The net rate of a composite reaction is the difference between the forward and reverse reaction rates, which are kinetically distinct despite sharing elementary reaction steps and therefore have different rate-controlling transition states and species. Thus, degrees of rate control defined to identify rate-controlling transition states and species for the net rate confound contributions from the forward and reverse reactions. Herein, the forward and reverse degrees of rate control are defined to independently quantify the extent that species and transition states control the forward and reverse rates in reversible reactions. These degrees of rate control are defined as the relative change in the forward and reverse reaction rates per kBT decrease in the standard-state molecular free energies of transition states and species, and they are related to experimentally measurable quantities such as steady-state fractional coverages, reaction orders, and energies and entropies of activation of the forward and reverse reaction rates. The forward/reverse degrees of rate control represent stoichiometric coefficients for species and transition states in an equilibrium between the initial states and transition states of the apparent rate-controlling steps of forward and reverse overall reactions. At equilibrium, the apparent transition states for the forward reaction and reverse reaction converge, and thus the forward and reverse rate-controlling steps combine to form a single apparent rate-controlling step.
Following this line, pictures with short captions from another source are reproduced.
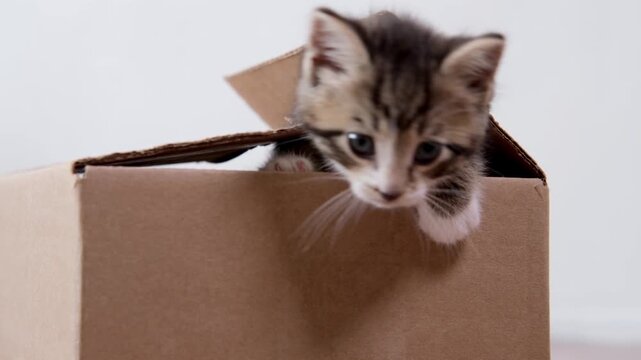A curious tabby kitten peeking out of an open cardboard box on a wooden floor, pet care industry, e-commerce packaging, playful pet scene, cute animal moment, domestic animal.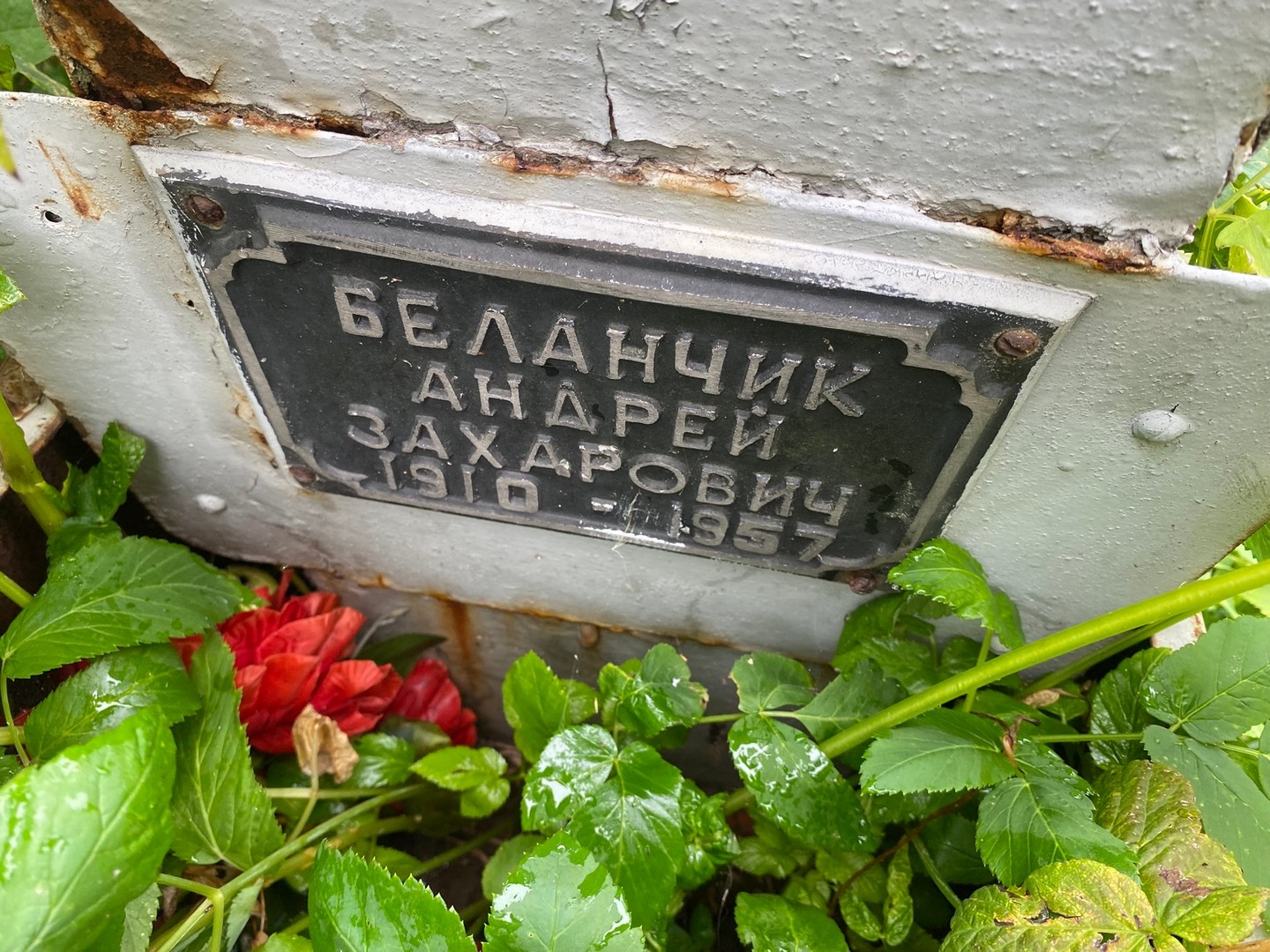 Беланчик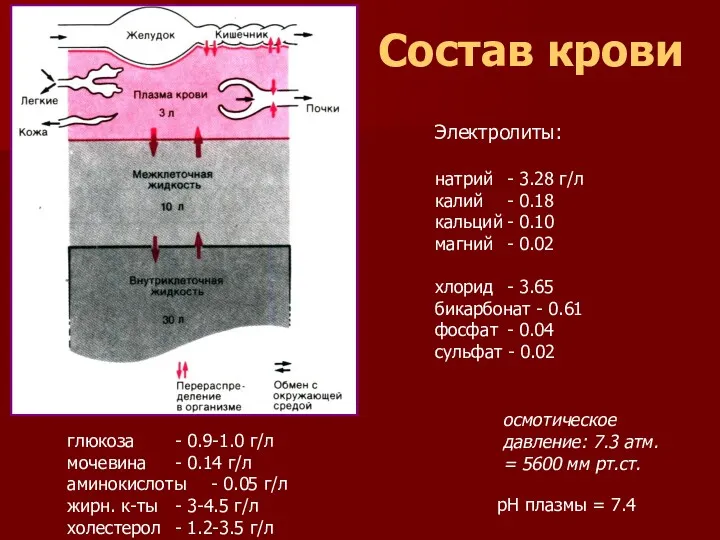 Электролиты: натрий - 3.28 г/л калий - 0.18 кальций -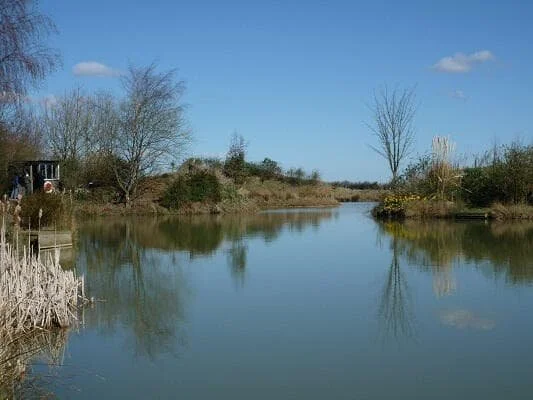 Fishing lake with landscaping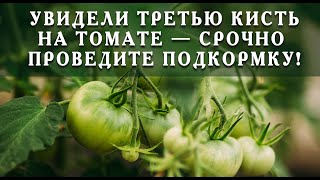 Увидели третью кисть на томате - срочно проведите такую подкормку!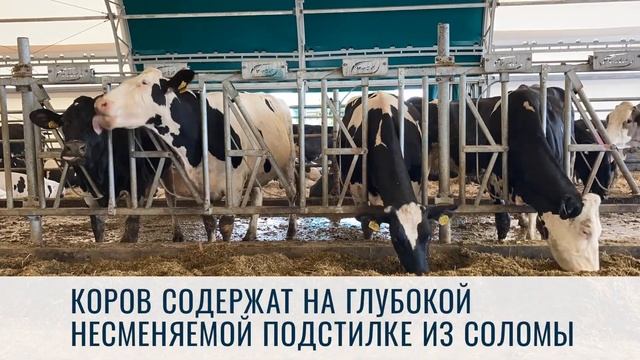 Тентовая ферма на 1300 голов КРС смотреть онлайн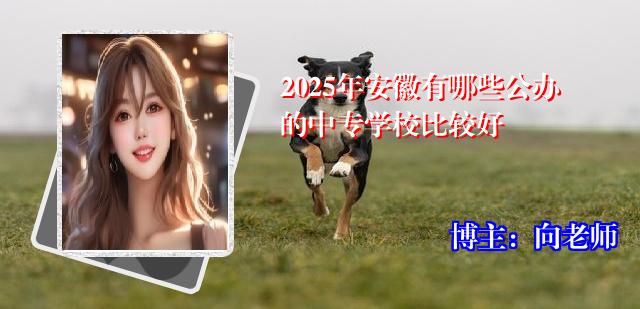 2025年安徽有哪些公办的中专学校比较好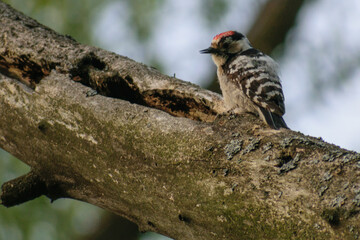 woodpecker on tree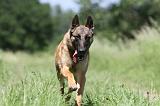 MALINOIS 778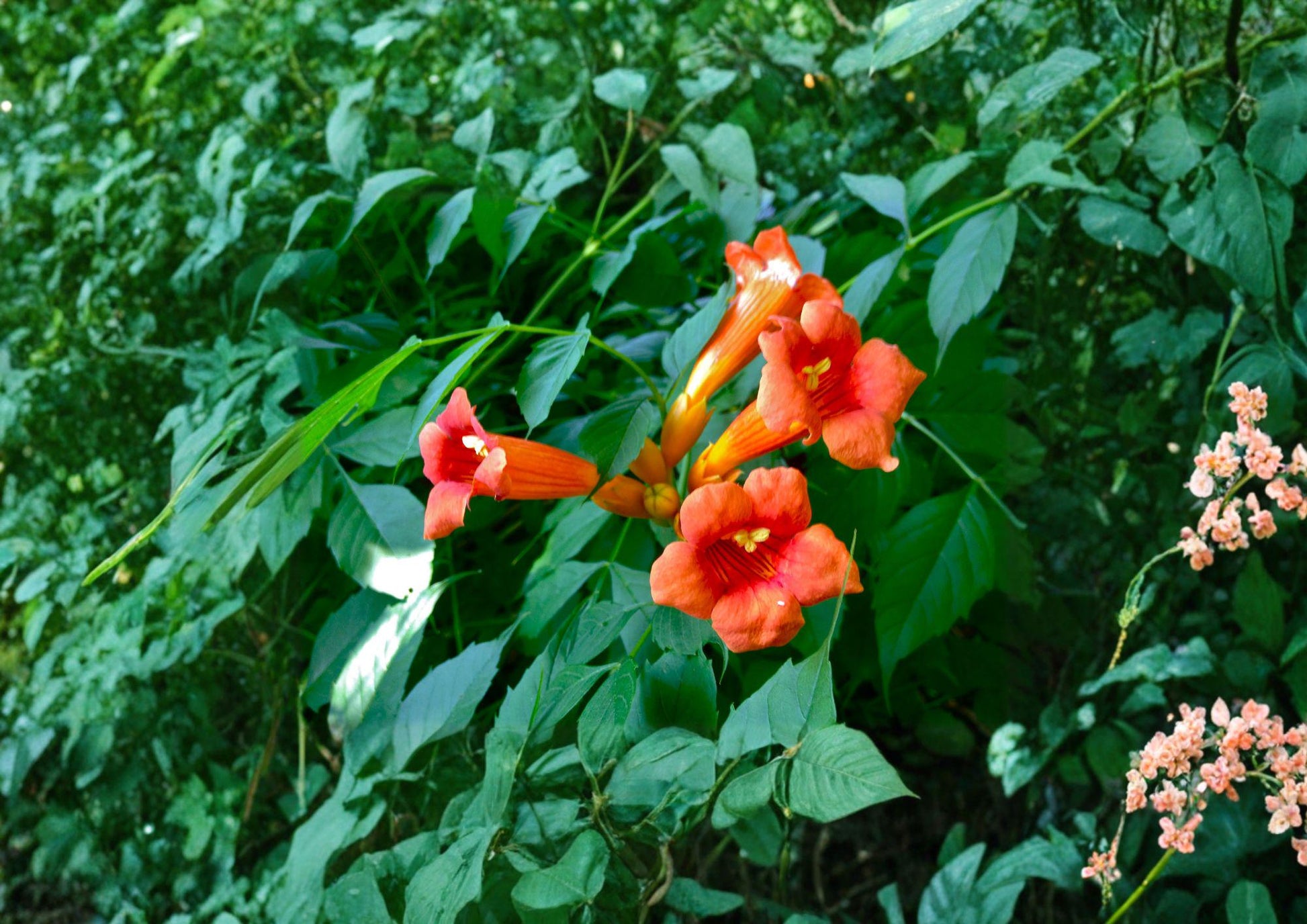 Campsis Radicans Trumpet Creeper Vine Seeds - Fast Growing Orange Flower Seeds for Trellis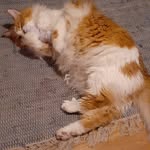 Heddy Johannesen - @pennygingercat - Instagram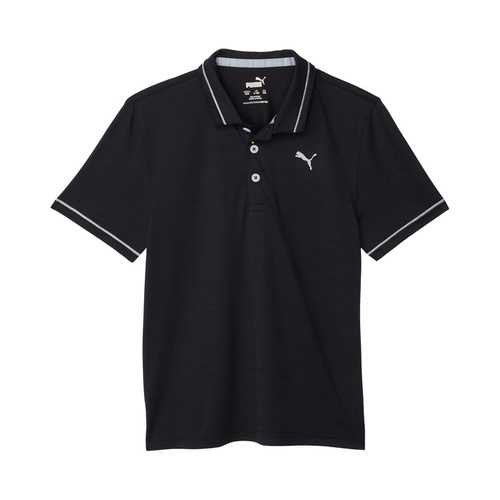 퓨마 PUMA Golf Kids Cloudspun Monarch Polo (Big Kids)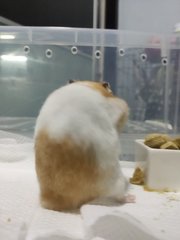 Peanut , Messy , Wong Choi - Syrian / Golden Hamster Hamster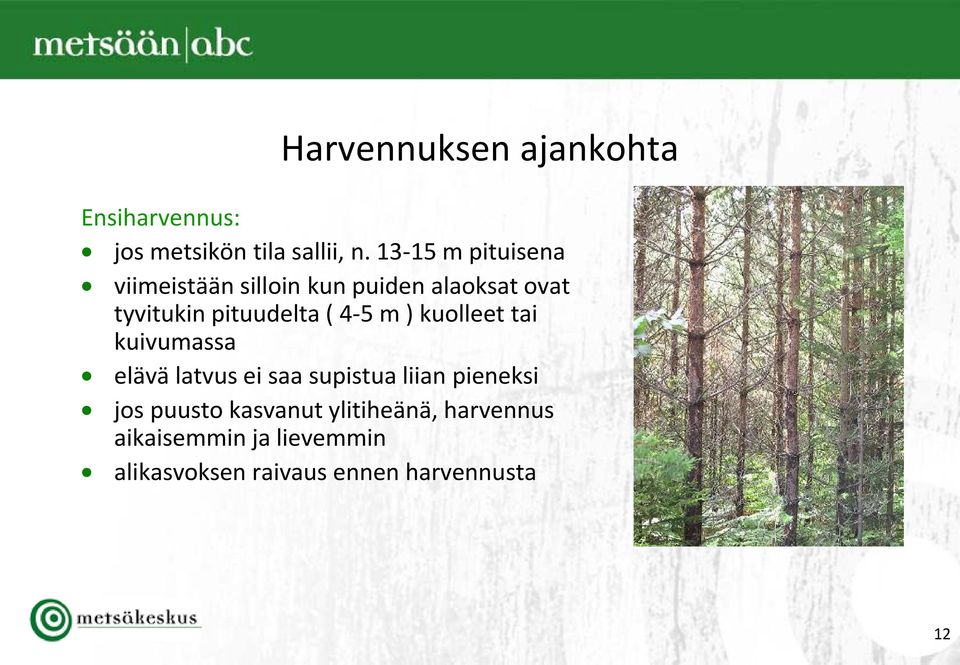 ( 4-5 m ) kuolleet tai kuivumassa elävä latvus ei saa supistua liian pieneksi jos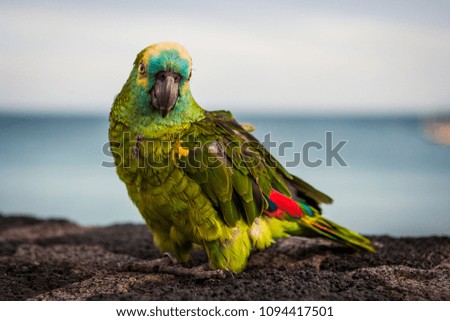 Detailed picture of a green colorful parrot with red wing tips looking at camera. Lanzarote, Canary Islands, Spain.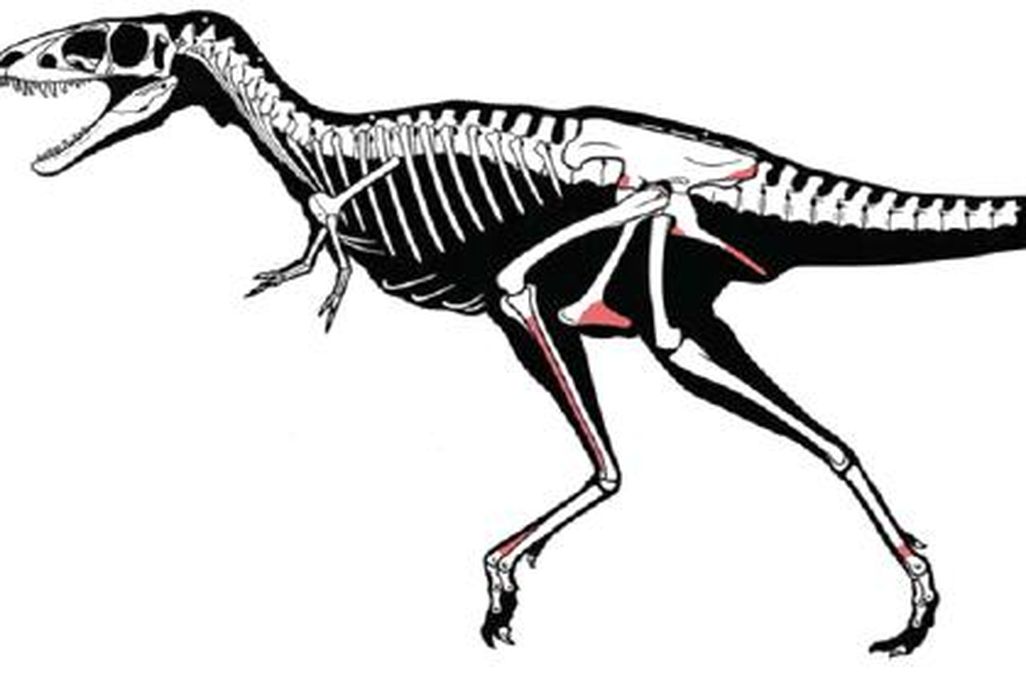 20110520083149raptorex-skeleton.jpg
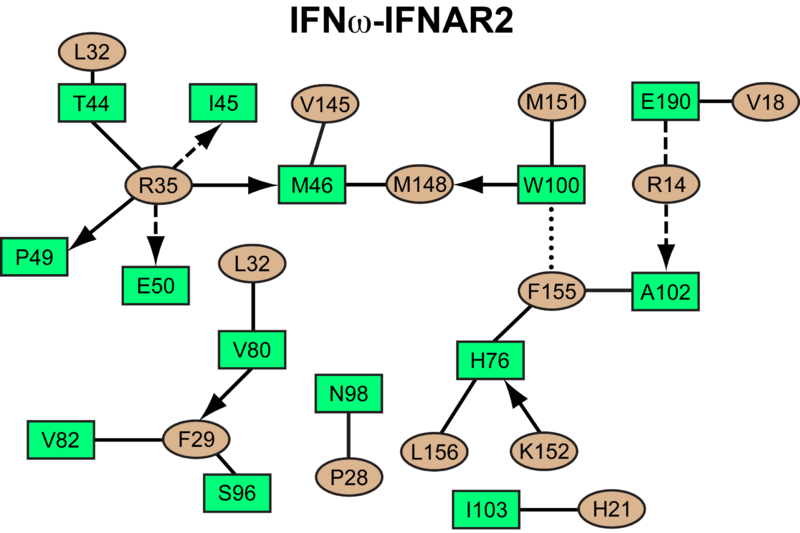 Image:IFNw IFNAR2 interaction map.png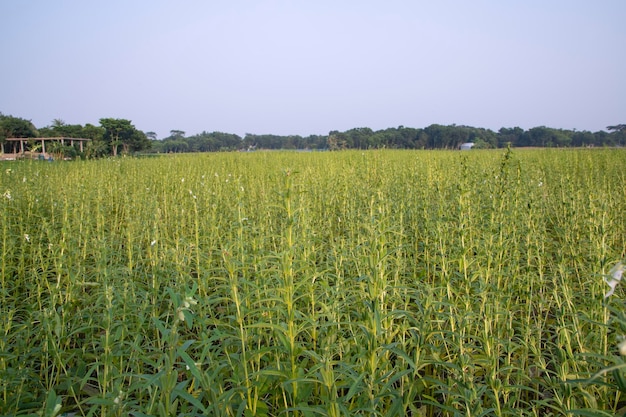 Widok krajobrazu naturalnego sezamu posadzonego na wiejskim polu Bangladeszu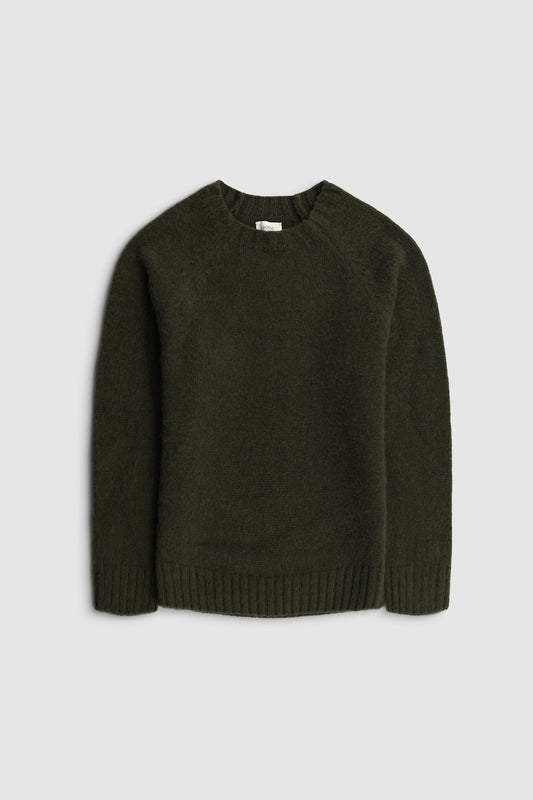 Pull Collodi kaki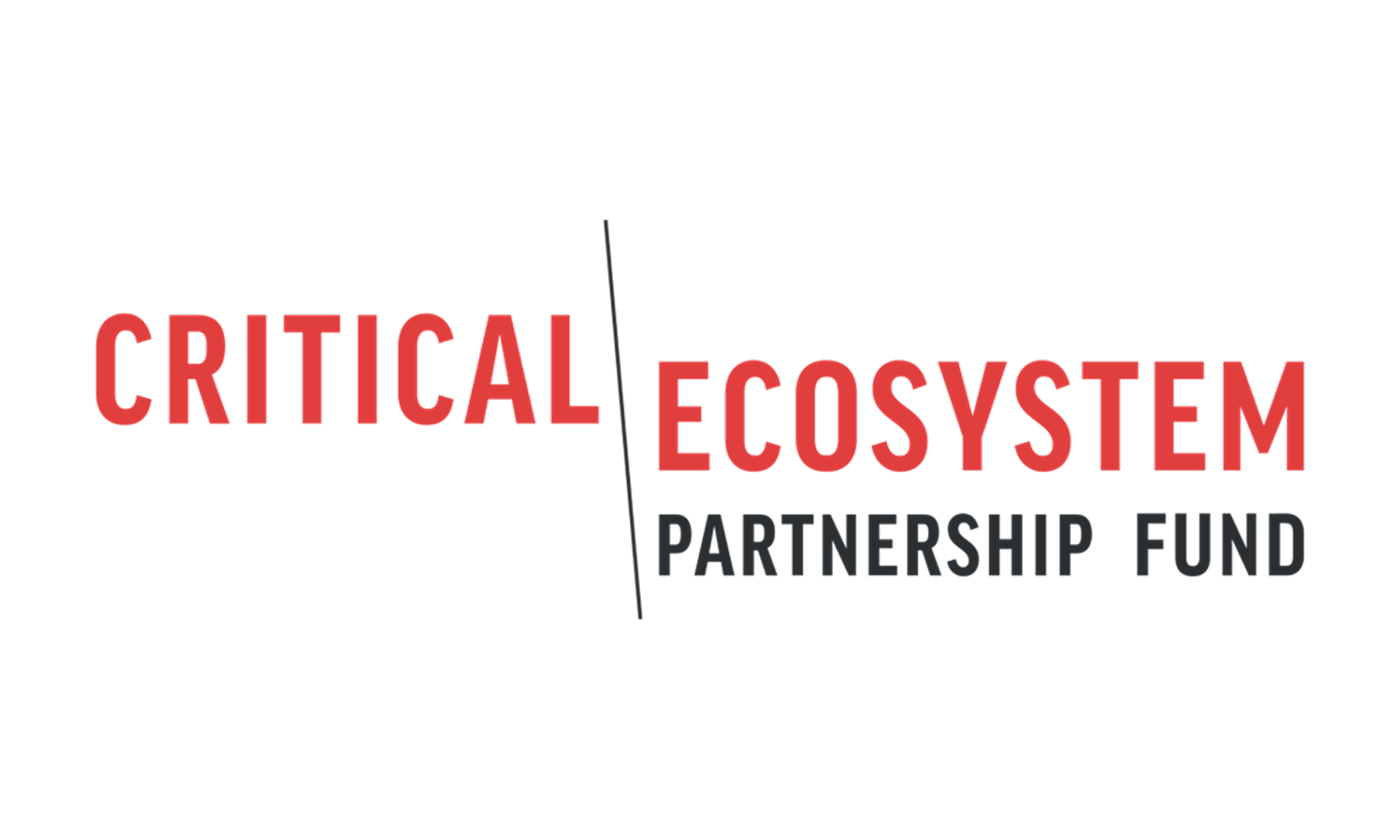 logo 8 (1)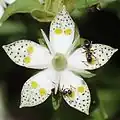 Květ Swertia bimaculata
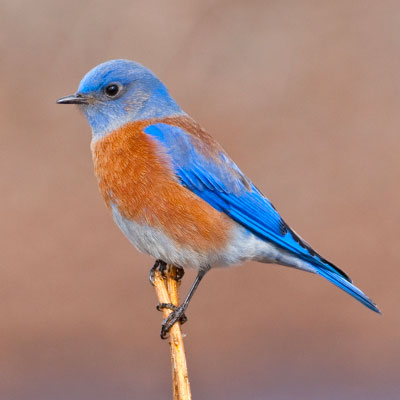 Western Bluebird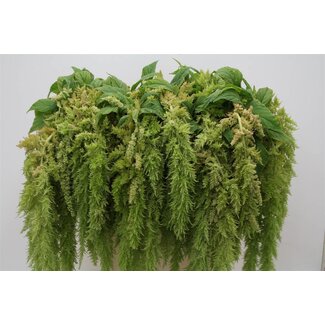 Freshy Amaranthus Caudatus Queue de chat “Green Spider” | Couleur: Vert | Longueur ± 80 centimeter | Par 10 tiges de fleurs fraîches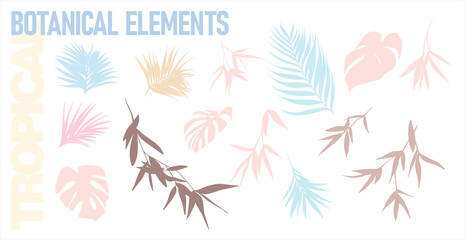 Set of tropical silhouettes of leaves and twigs in pastel colors on a transparent background. Digital abstract illustration for branding, scrapbooking, social media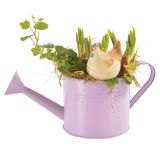 CVETOČA RASTLINA VELIKA NOČ NASAD PALME IN KALANDIVE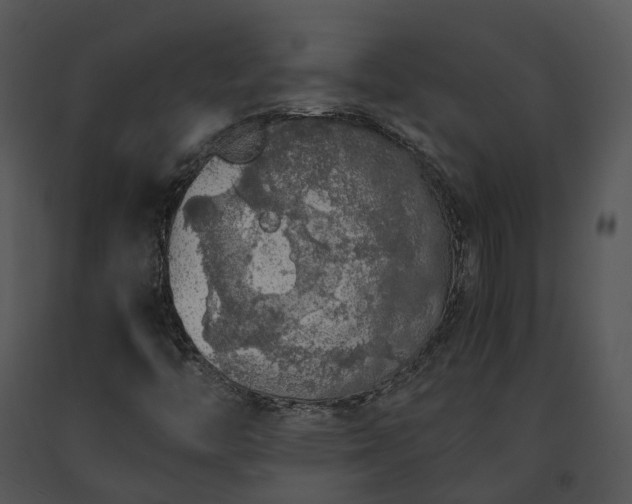 X0000091681446200708301510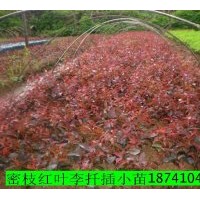 出售自家小苗：紅葉李 紫葉稠李 金葉水臘 紫葉水蠟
This apparent rate-controlling step is comprised of an apparent initial state, transition state, and final state, where the apparent final state of the forward reaction is the apparent initial state of the reverse reaction. The apparent rate-controlling step behaves identically to an elementary step reaction at equilibrium with a pseudo-mass-action rate function given by the transition-state-theory (TST) form rate function (Foley and Bhan, 2020) with a stoichiometric number equal to the affinity-averaged stoichiometric number, σ¯. The ratio of the forward and reverse TST-form rate functions is identical to the overall thermodynamic equilibrium relation, consistent with the principles of microscopic reversibility and detailed balance at equilibrium.